▼

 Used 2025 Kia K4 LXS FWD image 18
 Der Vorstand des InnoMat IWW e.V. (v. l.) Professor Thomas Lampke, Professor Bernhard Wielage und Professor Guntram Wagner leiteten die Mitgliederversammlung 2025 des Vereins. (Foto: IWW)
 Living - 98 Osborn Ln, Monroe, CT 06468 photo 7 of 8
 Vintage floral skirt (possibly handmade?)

▲

Set each line down exactly, starting with the one that contains "Living - 98" and ending with the last line of the listing; add nothing else.

 Living - 98 Osborn Ln, Monroe, CT 06468 photo 7 of 8
 Vintage floral skirt (possibly handmade?)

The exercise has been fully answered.